In St. Gallen kam es zu schweren Ausschreitungen. 
In St. Gallen kam es zu schweren Ausschreitungen. Keystone / picturedesk.com
Mittlerweile ist es in mehreren europäischen Staaten zu schweren Ausschreitungen bei Anti-Maßnahmen-Demos gekommen. 

In mehreren europäischen Städten wächst der Zorn gegen Regierende auf Grund der strengen Corona-Maßnahmen. Mittlerweile gab es in zahlreichen Großstädten teils schwere Ausschreitungen vom breiten Spektrum der Maßnahmenkritiker, das sich aus Verschwörungstheoretikern, Rechtsradikalen, frustrierten Jugendlichen oder auch "nur" wirtschaftlich Betroffenen speist. In Brüssel (Belgien) feierten rund 2.000 Personen in einem Park, die Situation eskalierte, als die Polizei anrückte. Beim Einsatz mit Wasserwerfern und Polizeipferden wurden mehrere Personen verletzt.

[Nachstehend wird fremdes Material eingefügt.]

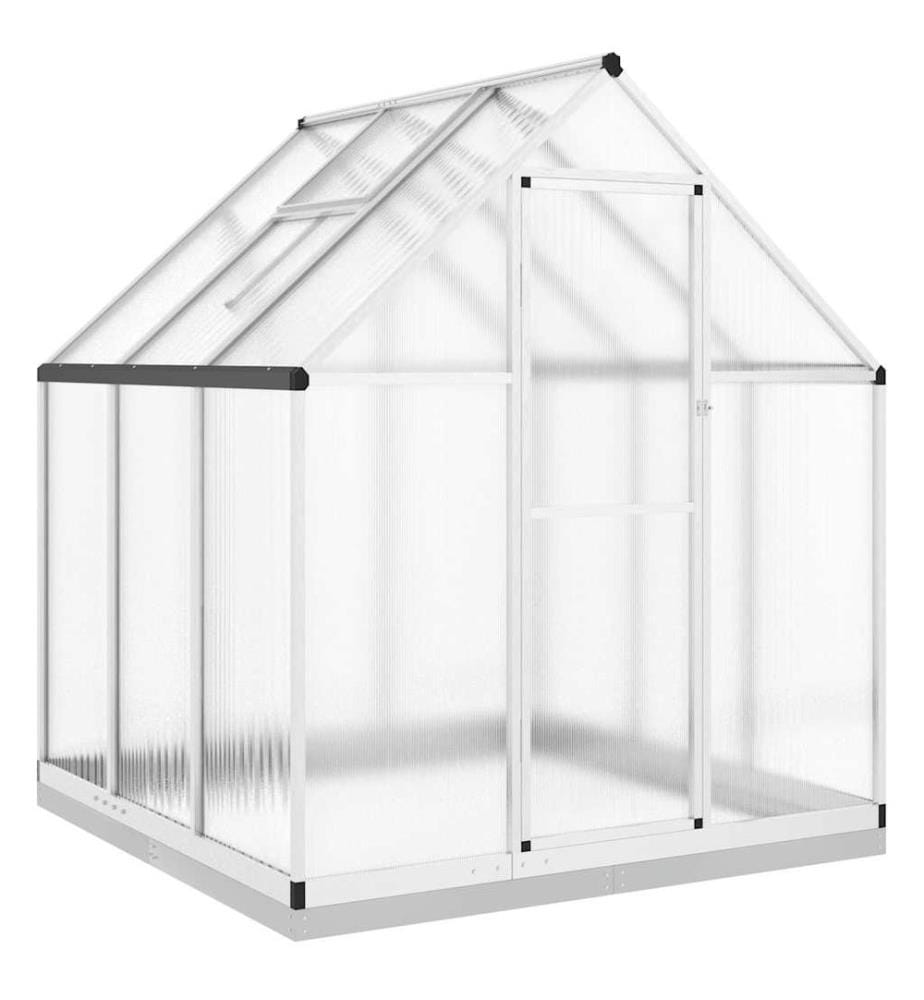 Gewächshaus mit Fundamentrahmen Silbern 169x169x202 Aluminimum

In den Niederlandensorgte eine Ausgangssperre im Jänner für mehrtägige gewalttätige Ausschreitungen. Das Oberste Gericht ordnete die Regierung anschließend dazu an, die Ausgangssperre rückgängig zu machen. Dabei ging es so wild zu und her, dass die Militärpolizei einschreiten musste. Die Behörden sprachen von bürgerkriegsähnlichen Zuständen.

Eskalation ist nichts Neues

Anfang März demonstrierten auch die Menschen in Schweden gegen die Beschränkungen, obwohl es dort nie zu einem Lockdown gekommen ist. Auch im besonders hart von der Pandemie betroffenen Italien kam es im letzten Herbst zu gewalttätigen Protesten.

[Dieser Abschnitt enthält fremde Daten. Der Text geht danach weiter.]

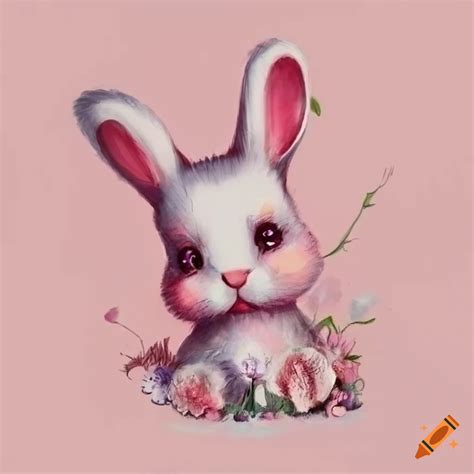 Drawing Of A Cute Bunny With Flowers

Zur Eskalation kam es an verschiedenen Gelegenheiten auch in Frankreich. An Silvester feierten beispielsweise über 2.500 Menschen der Stadt Lieuron einen illegalen Silvester-Rave. Als die Polizei die Party auflösen wollte, flogen Steine und Flaschen und ein Polizeiauto wurde in Brand gesetzt.

Auch die sogenannten Querdenker-Demonstrationen, die in Deutschland seit Monaten viele Tausende anlocken, verlaufen nicht immer friedlich. Am Karsamstag wurde ein Journalist in Stuttgart mit Steinen beworfen.